Juliette's Balcony, Verona
Skip it entirely. Consider that Romeo and Juliette are fictitious characters. No one named Juliette ever lived here, and there is no evidence that Shakespeare ever stepped foot in Italy. Bus tours dump throngs of people off here to pay an entrance fee to a house that has nothing to do with Juliette, and they grab and polish Juliette's bronze boob on the statute below. Teens write love notes and post them on the wall with chewing gum. Get tickets for an opera in Verona's Roman arena instead.
Uffizi Gallery, Florence
Very early in the morning (8am) or late in the afternoon (5pm) will be less crowded.
Michelangelo's David - Accademia, Florence
Accademia tickets are to be reserved (by scheduled time) way ahead of your visit. Later in the day is best to avoid crowds.
Shopping in Florence
Save your shopping for the Oltrano district, on the other side of the Arno River and avoid the tourist counterfeits and shoulder-to-shoulder crowds. You will find authentic craftsmen for leather, jewelry, ceramics, clothing and more in the Oltrano.
Gondola ride in Venice
Try to get a gondola ride later in the afternoon when the tour buses have left to avoid a traffic jam on the canal.
Ischia beach, Naples
This is where locals go--way too many of them. The beaches on the mainland due north of Ischia are much less crowded.
Driving the Amalfi Coast Road
The roads are extremely narrow with enormous traffic in the high season. Large buses, motorcyclists, bicycles and tandem 18-wheelers make it terrifying to some. The town of Amalfi is a tacky tourist trap. Go to Atrani, Cetera, Minori or Maiori instead. Head to Vietri sul Mare for the best ceramics. If you do drive, rent a small car!

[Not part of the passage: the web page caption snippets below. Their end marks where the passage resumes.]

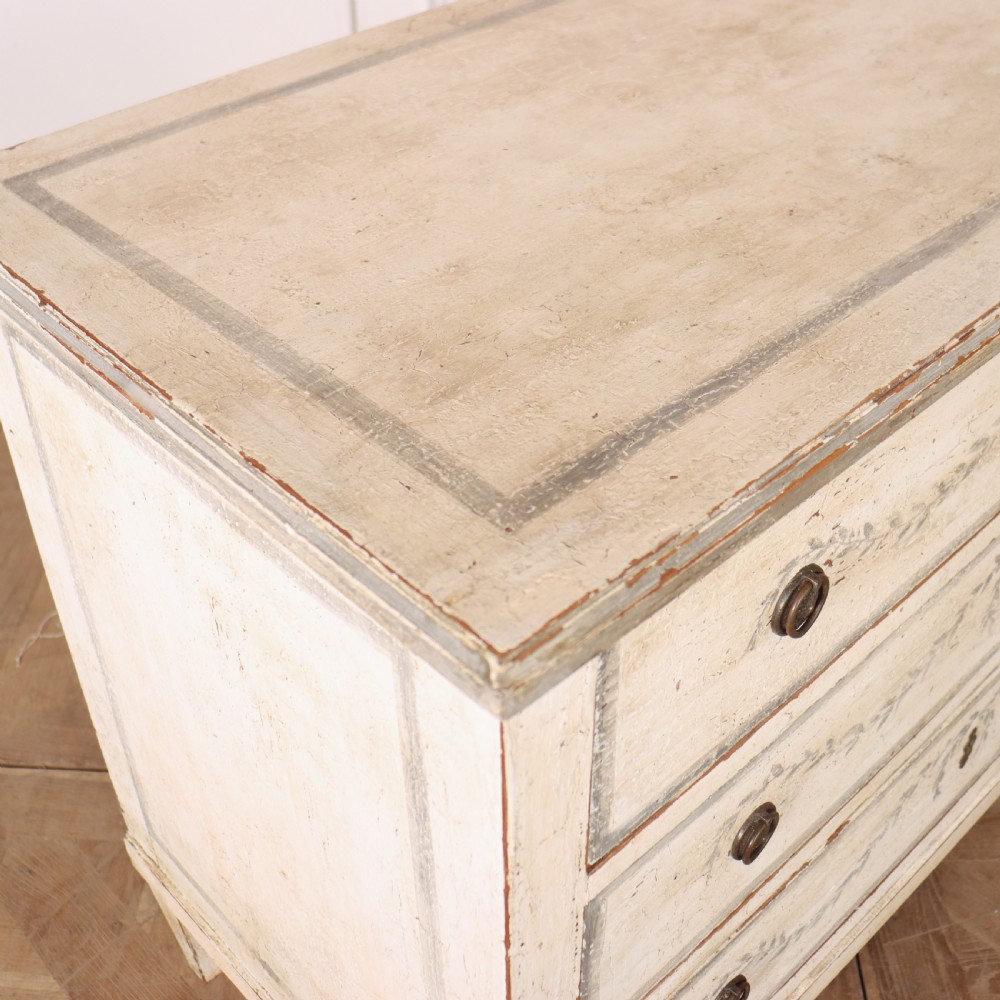 French Painted Commode View IX
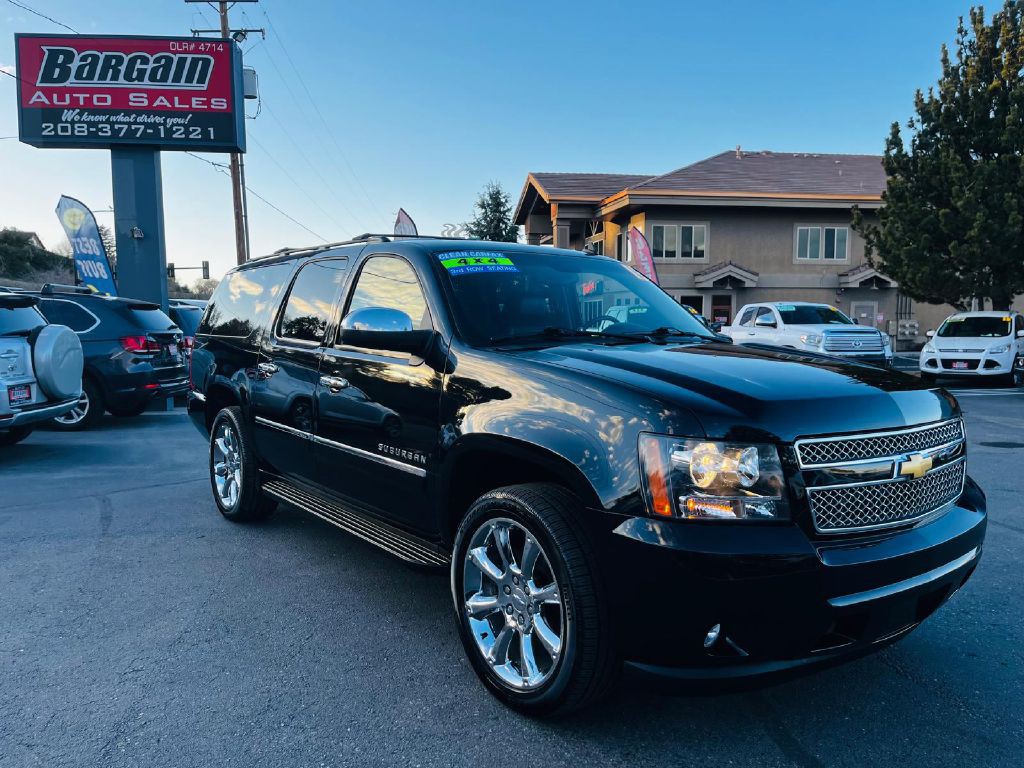2013 Chevrolet Suburban Image 9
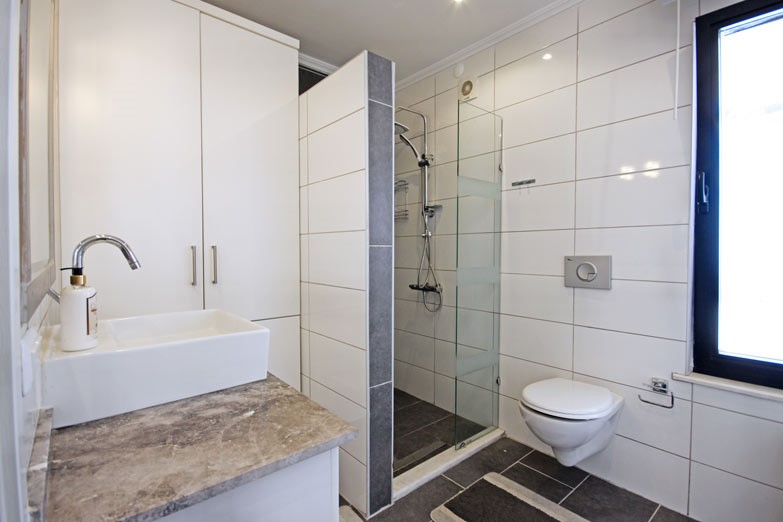 Spacious villa in Alanya with 7+3 apartments with sea and city views, Kestel - Umbrella Group - Photo 36
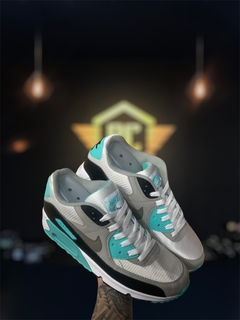 Tênis Nike Air Max 90 - comprar online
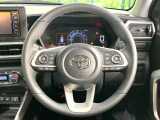 【純正革巻きステアリング】上質な革を使用することで、手にしっかり馴染みとても運転しやすいハンドルです♪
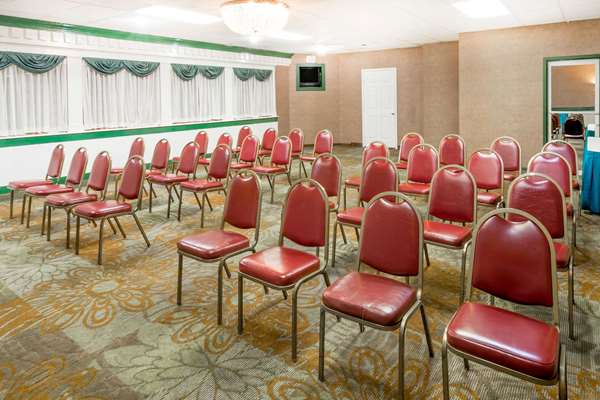  - Ramada Inn River's Edge Roanoke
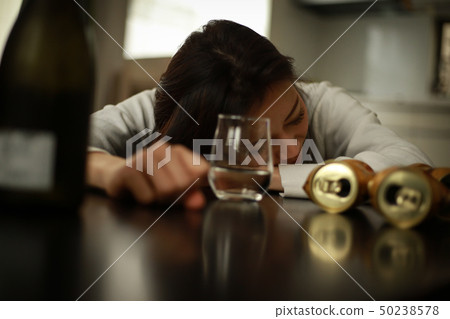 生病喝醉的困女人 50238578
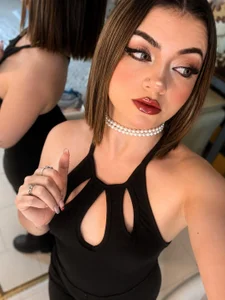 EmilyDufour I'll give you a hint... you'll have to figure out the rest.❤️😈🤭 Foto 3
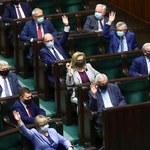 Projekt likwidujący OFE trafi do komisji. Burzliwa debata w Sejmie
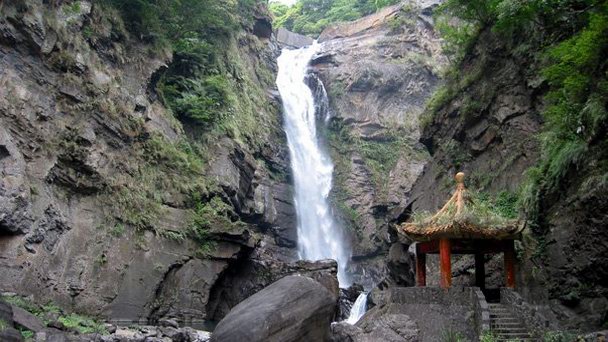 Район водопада Xiaowulai в Таоюане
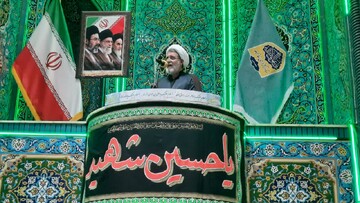 تاکید امام جمعه خمین بر لزوم برخورد قاطع با عادی‌سازی روابط با دشمن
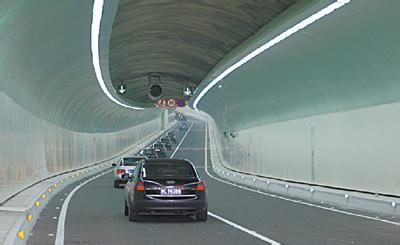 高速公路发展带来越来越多的隧道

Pompeii Archeological Site
Buses dump off large tour groups from cruise ships. Late afternoon visits are best. Bring a refillable water bottle and use the many fountains around the site. There is an Auto-Grill on site for lunch. Wear comfortable shoes--walking on uneven, 2000 year old paving is rough going in Pompeii.
La Bocca della Verita
Grand Voyage Italy's mascot, the Bocca della Verita (Mouth of Truth) is well worth the visit. It's very close to the Roman Forum and across from the Temple di Vesti. It's worth the ten to fifteen minute wait on line to test your truthfulness by placing your hand in the Bocca's mouth. If you leave with your hand intact, you're a truthful person. The chapel inside is worth a visit, too.